Okay, today was perfect outdoor weather, so I took the opportunity to reorganize the wood shed (pics of that too, will follow later today).  But first, I had to drive over to my grandmother's to get some fence posts to use for stacking ends in the wood shed.  Here's a shot of my truck and the back side of one piece of pasture on her cattle farm.  I also took the opportunity to bring home the small stack of poplar and maple you'll see on the left side of the barn.











Here's the barn where we've been working on the 2009/2010 wood supply.










This is the 2009/2010 winter supply of mixed hardwoods.  It's hard to tell, but there are a total of 4 rows: 3 rows that are the full length of the front row, and then a fourth row in the back that runs only 2/3 the length of the front row (and thus the three other rows).  There's around 4 cord there if I'm right.


















And finally, these last two are the red oak we've been getting for $75 a cord.  I'll let this season until the 2010/2011 season if all goes well!










Edit: reorganized shed, please ignore the mess in the back.


----------



## LLigetfa (Apr 12, 2009)

It's like looking at stacks of money.


----------



## Pagey (Apr 12, 2009)

LLigetfa said:
			
		

> It's like looking at stacks of money.



This.


----------



## Jack Straw (Apr 13, 2009)

How long is the burning season down there? Nice pics.


----------



## Pagey (Apr 13, 2009)

It gets cool enough to burn small fires in late September/early October.  The burning season starts easing off in March, but we always, always get 3 or 4 cold snaps in late March/early April that require a small morning and evening fire.


----------



## Bubbavh (Apr 13, 2009)

Is that priority mail box for sending me some of that pretty wood?
Nice looking shed and wood!!


----------



## savageactor7 (Apr 14, 2009)

Well Pagey looks like you've been a busy man since we first saw that old barn. Nice stacks.


----------



## wldm09 (Apr 15, 2009)

Nice stacks!  Can anyone point me to a moderator who can help me post pics?  Thanks!  Dean


----------



## billb3 (Apr 15, 2009)

Woodsman_WI said:
			
		

> Nice stacks!  Can anyone point me to a moderator who can help me post pics?  Thanks!  Dean



this might be too much ?
https://www.hearth.com/hcc/


----------



## smokinj (Apr 15, 2009)

Very nice set up!


----------



## Pagey (Apr 16, 2009)

savageactor7 said:
			
		

> Well Pagey looks like you've been a busy man since we first saw that old barn. Nice stacks.

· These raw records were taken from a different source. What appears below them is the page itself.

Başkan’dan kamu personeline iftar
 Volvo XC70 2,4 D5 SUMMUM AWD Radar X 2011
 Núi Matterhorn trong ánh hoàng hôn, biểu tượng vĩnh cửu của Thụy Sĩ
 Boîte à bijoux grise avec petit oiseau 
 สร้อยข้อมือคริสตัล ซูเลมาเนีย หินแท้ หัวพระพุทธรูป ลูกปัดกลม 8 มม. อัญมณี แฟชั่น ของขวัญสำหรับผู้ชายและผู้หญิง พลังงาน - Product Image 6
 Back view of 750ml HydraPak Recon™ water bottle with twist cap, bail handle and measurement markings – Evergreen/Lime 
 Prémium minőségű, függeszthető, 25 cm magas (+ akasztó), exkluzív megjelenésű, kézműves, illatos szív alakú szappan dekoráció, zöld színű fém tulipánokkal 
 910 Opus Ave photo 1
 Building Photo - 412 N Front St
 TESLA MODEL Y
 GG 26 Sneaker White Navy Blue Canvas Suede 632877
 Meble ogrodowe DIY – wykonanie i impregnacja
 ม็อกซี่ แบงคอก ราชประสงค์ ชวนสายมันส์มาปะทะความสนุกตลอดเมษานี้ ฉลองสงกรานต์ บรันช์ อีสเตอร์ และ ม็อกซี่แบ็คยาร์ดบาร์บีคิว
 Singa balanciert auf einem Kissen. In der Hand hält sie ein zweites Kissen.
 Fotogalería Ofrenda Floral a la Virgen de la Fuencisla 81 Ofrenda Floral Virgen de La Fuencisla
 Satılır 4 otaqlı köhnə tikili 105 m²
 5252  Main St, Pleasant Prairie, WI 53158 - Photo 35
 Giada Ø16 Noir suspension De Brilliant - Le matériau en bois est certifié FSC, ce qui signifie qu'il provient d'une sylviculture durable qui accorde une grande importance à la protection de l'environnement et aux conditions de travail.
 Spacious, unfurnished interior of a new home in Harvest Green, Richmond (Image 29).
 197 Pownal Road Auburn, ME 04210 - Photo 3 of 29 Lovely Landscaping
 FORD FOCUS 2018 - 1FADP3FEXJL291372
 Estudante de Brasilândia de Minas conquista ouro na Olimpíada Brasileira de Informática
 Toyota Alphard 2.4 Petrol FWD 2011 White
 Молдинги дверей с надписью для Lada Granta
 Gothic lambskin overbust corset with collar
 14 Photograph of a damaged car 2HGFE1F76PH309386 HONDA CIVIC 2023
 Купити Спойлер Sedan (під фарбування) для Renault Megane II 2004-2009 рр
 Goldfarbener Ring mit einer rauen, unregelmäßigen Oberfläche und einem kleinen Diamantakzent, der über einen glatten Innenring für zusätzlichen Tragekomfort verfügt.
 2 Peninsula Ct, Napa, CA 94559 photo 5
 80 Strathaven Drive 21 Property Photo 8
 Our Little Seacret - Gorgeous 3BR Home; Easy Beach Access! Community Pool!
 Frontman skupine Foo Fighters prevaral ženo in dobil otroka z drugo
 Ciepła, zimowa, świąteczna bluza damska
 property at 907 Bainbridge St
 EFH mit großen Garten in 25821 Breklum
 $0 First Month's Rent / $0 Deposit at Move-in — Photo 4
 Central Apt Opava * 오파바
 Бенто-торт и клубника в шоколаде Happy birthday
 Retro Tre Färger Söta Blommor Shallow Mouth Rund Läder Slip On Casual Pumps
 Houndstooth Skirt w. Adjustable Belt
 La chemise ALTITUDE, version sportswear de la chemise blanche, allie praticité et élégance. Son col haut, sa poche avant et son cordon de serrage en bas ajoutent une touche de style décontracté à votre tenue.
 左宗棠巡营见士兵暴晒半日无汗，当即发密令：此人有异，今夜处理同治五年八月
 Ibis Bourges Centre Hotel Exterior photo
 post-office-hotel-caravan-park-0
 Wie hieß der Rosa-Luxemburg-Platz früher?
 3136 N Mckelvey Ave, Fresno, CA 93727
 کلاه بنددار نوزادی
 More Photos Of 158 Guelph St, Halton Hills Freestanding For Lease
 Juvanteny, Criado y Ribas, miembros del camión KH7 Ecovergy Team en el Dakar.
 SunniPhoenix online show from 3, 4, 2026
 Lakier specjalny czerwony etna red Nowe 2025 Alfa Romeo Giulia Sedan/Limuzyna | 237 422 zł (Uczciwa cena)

Thank you.  Yes, dad and I have been working in the woodpile since last November, basically.  In addition to what you see there, we have about 8 or 9 cords put back in various places for my paternal grandmother.


----------



## wingsfan (Apr 18, 2009)

Show -off.


----------



## Pagey (Apr 19, 2009)

We stuffed 2 more face cords of red oak in there yesterday afternoon!


----------